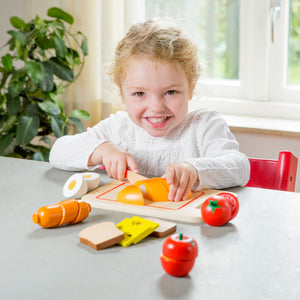 Holz Essen zum Schneiden - Frühstück - 10 pcs.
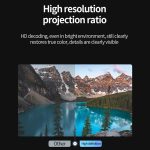 Z01 1080P 5G Bluetooth-Projektor Android 9.0-System unterstützt Spiegelbildschirm, EU Plug, US Plug, UK Plug, AU Plug – Bild 8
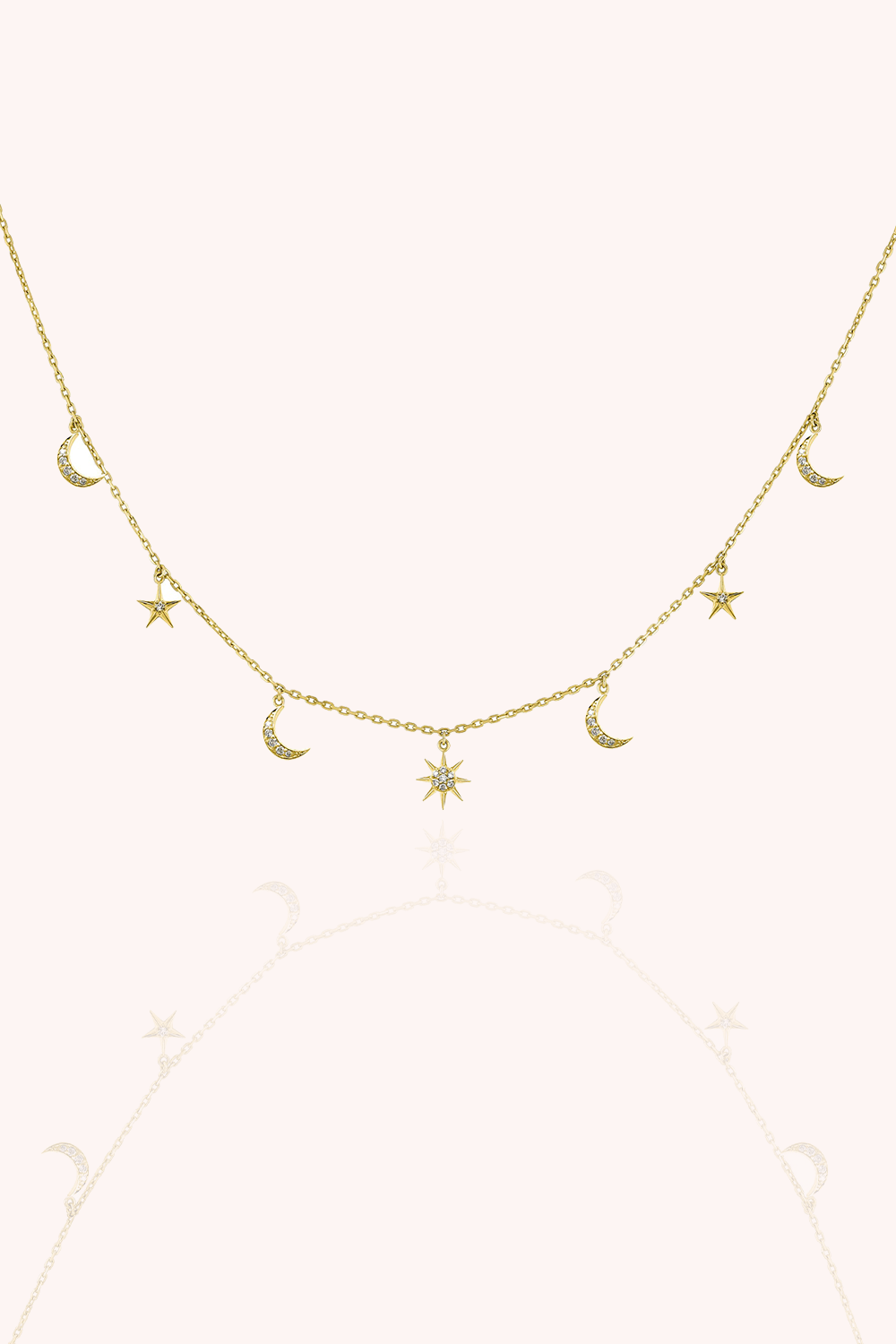 CELESTIAL CHARMS CHOKER NECKLACE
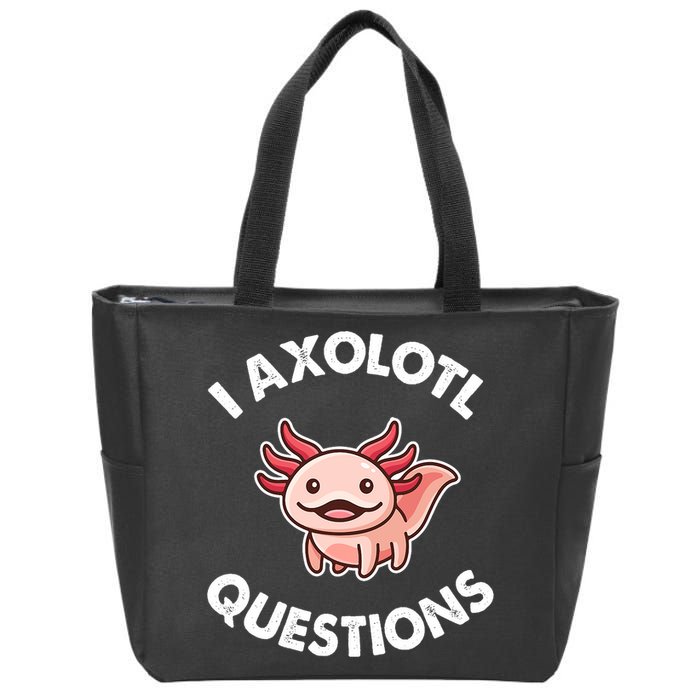 Axolotl Gift Zip Tote Bag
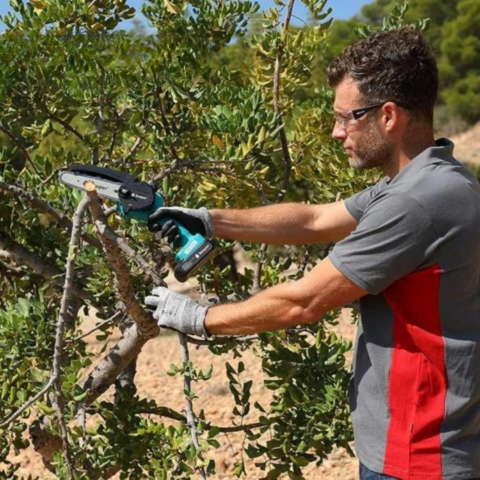 Batteridrevet Motorsav – Bærbar og Klar Til Brug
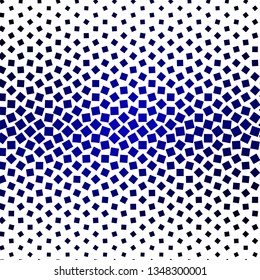 Dark BLUE vector background in polygonal style. Illustration with a set of gradient rectangles. Pattern for commercials, ads.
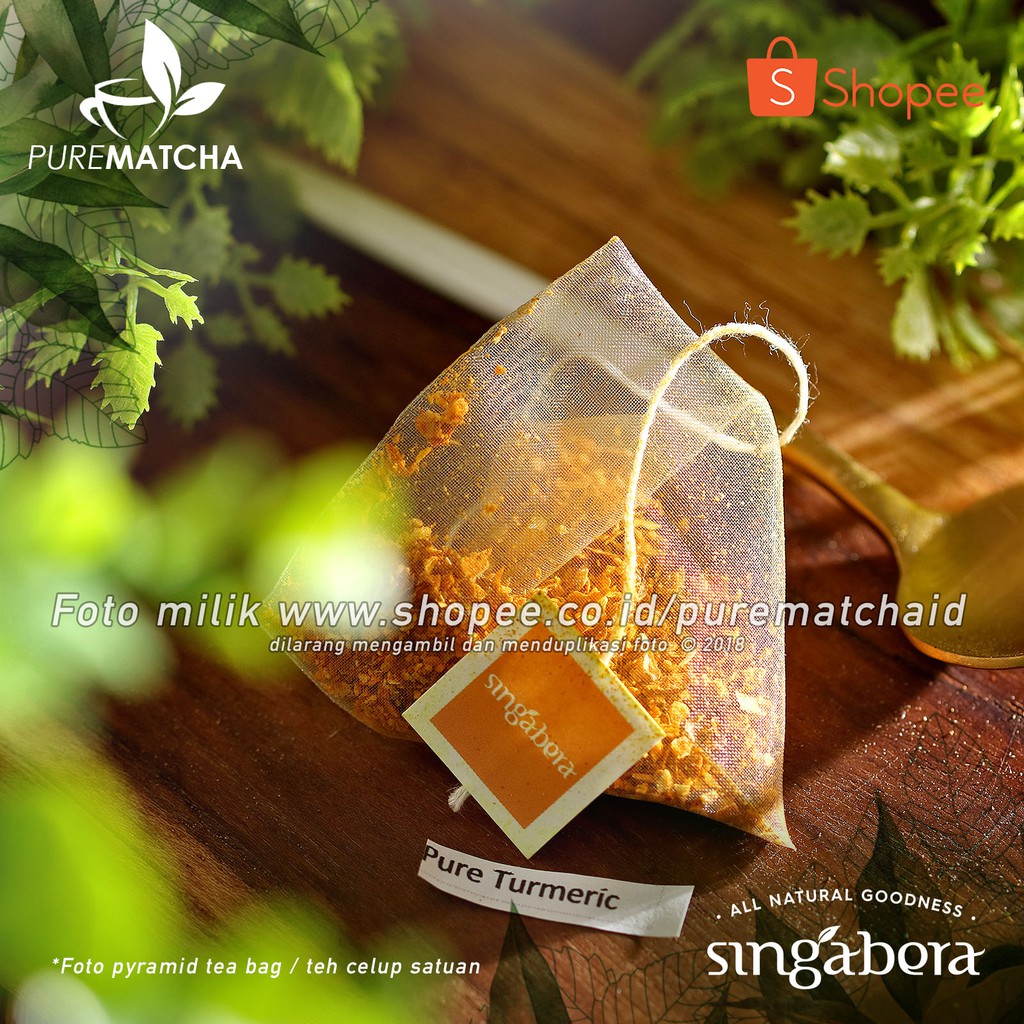 

Singabera - Pure Turmeric 1tb Sample Kunyit Murni Premium Indonesian Spice Tea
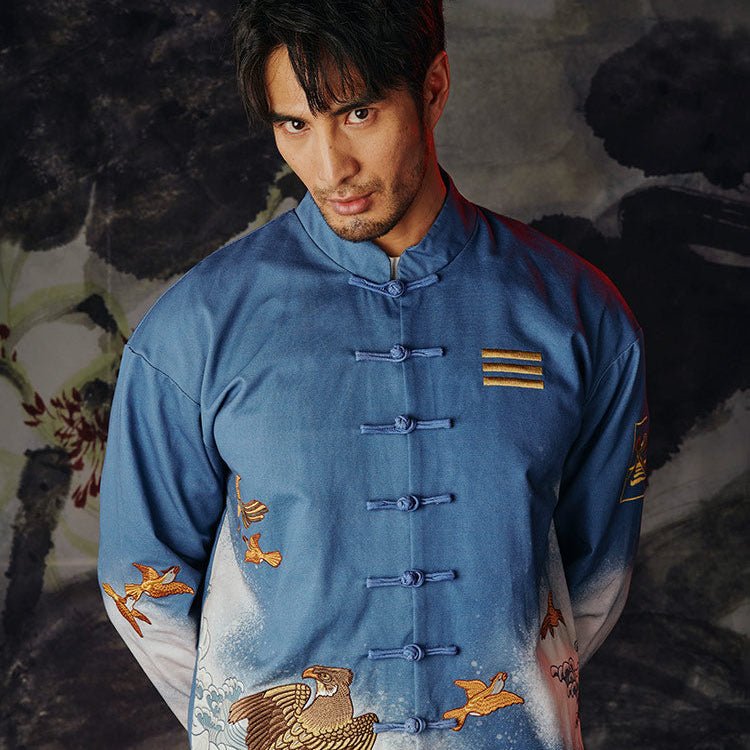 new chinese style kung fu master tang suit jacket - Jianxi Hanfu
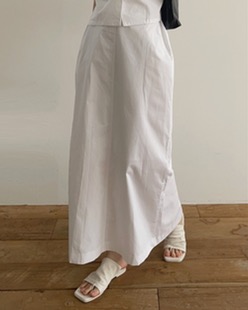 sand dry cotton skirt (2color)
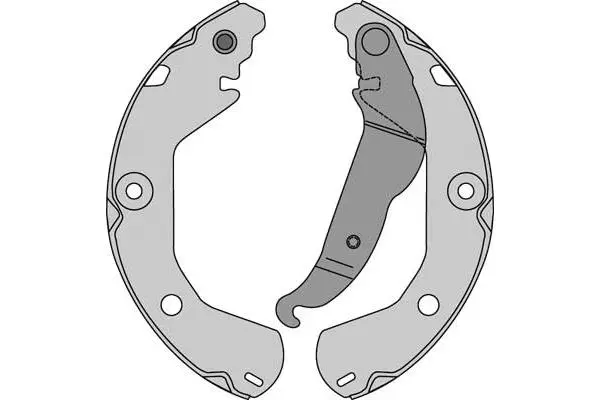 Brake Shoe Set (M952)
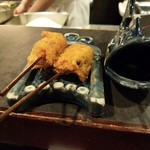 ぎんざ磯むら - 南瓜＆牛串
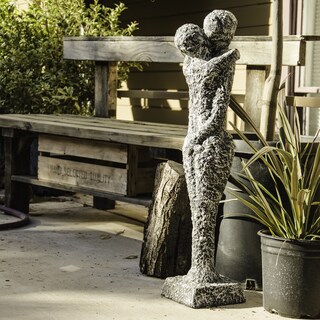 Buy  Stone Washed Volcanic Ash Entwined Duo Decorative Accent (Indonesia)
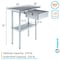Amgood 18 in. x 30 in. Stainless Steel Table With Drawer AMG WT-1830 + DRAWER-1514-Z - alternate 3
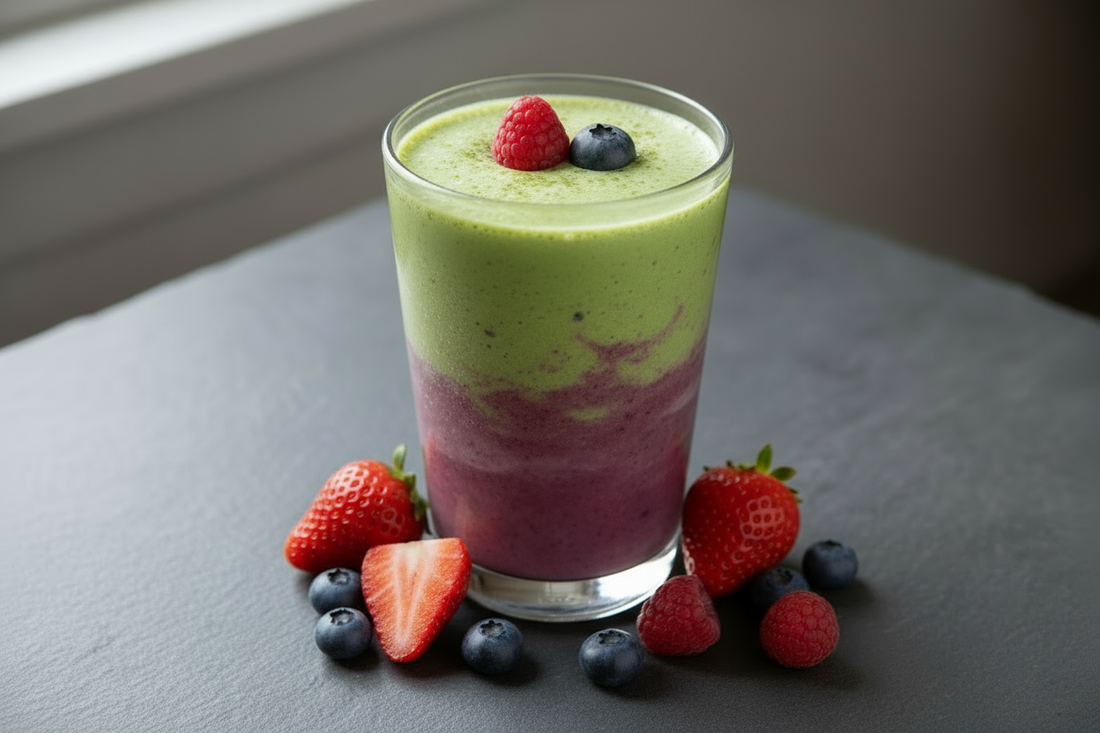 Matcha Berry Smoothie: A Bright and Balanced Start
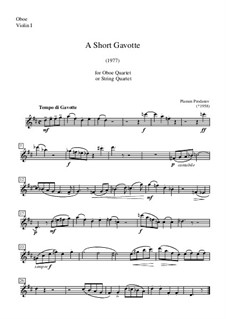 A Short Gavotte: Oboe (or violin I) part by Plamen Prodanov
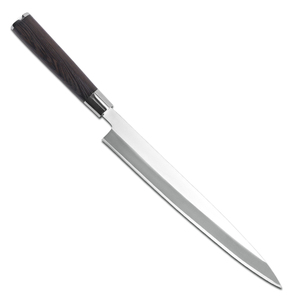 Coltello da Cucina Economico Made in China, 11 Pollici, in Acciaio 7cr17 MOV con Manico in Legno di Wenge, Coltello da Chef, Coltello per Sashimi - Product Image 1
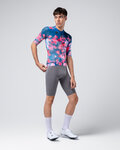 GOBIK Cycling short sleeve jersey - CX PRO 4.0 - blue/pink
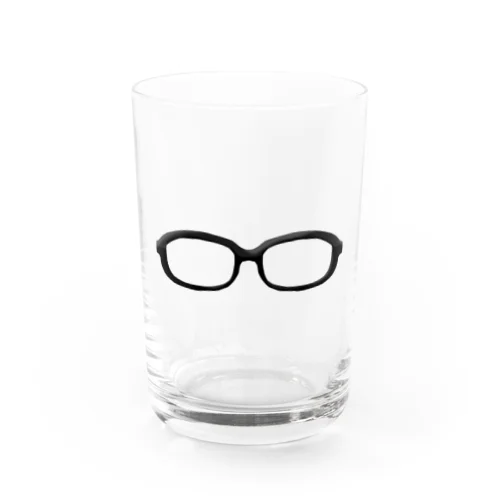 黒縁メガネ Water Glass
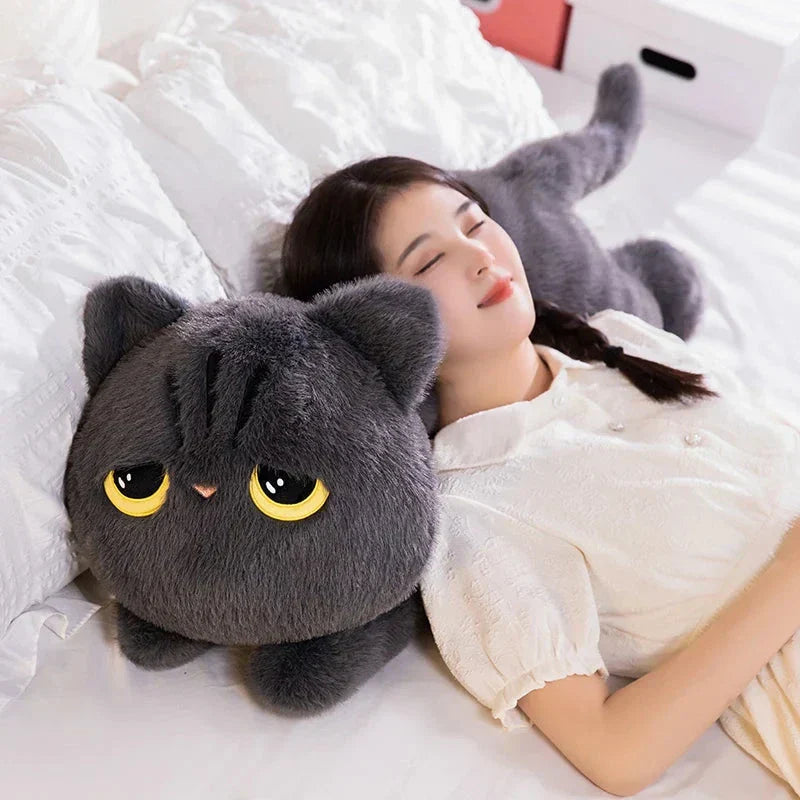 BowLift | Long Giant Black Gray Fluffy Cat Plushies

────────────────────

Everything above from the line containing "Axolotl Gift Zip Tote Bag" through the line containing "Decorative Accent (Indonesia)" must be repeated exactly, and the pictures must be left out.

Task answer:
 Axolotl Gift Zip Tote Bag
 Batteridrevet Motorsav – Bærbar og Klar Til Brug
 Dark BLUE vector background in polygonal style. Illustration with a set of gradient rectangles. Pattern for commercials, ads.

Singabera - Pure Turmeric 1tb Sample Kunyit Murni Premium Indonesian Spice Tea
 new chinese style kung fu master tang suit jacket - Jianxi Hanfu
 sand dry cotton skirt (2color)
 Brake Shoe Set (M952)
 ぎんざ磯むら - 南瓜＆牛串
 Buy  Stone Washed Volcanic Ash Entwined Duo Decorative Accent (Indonesia)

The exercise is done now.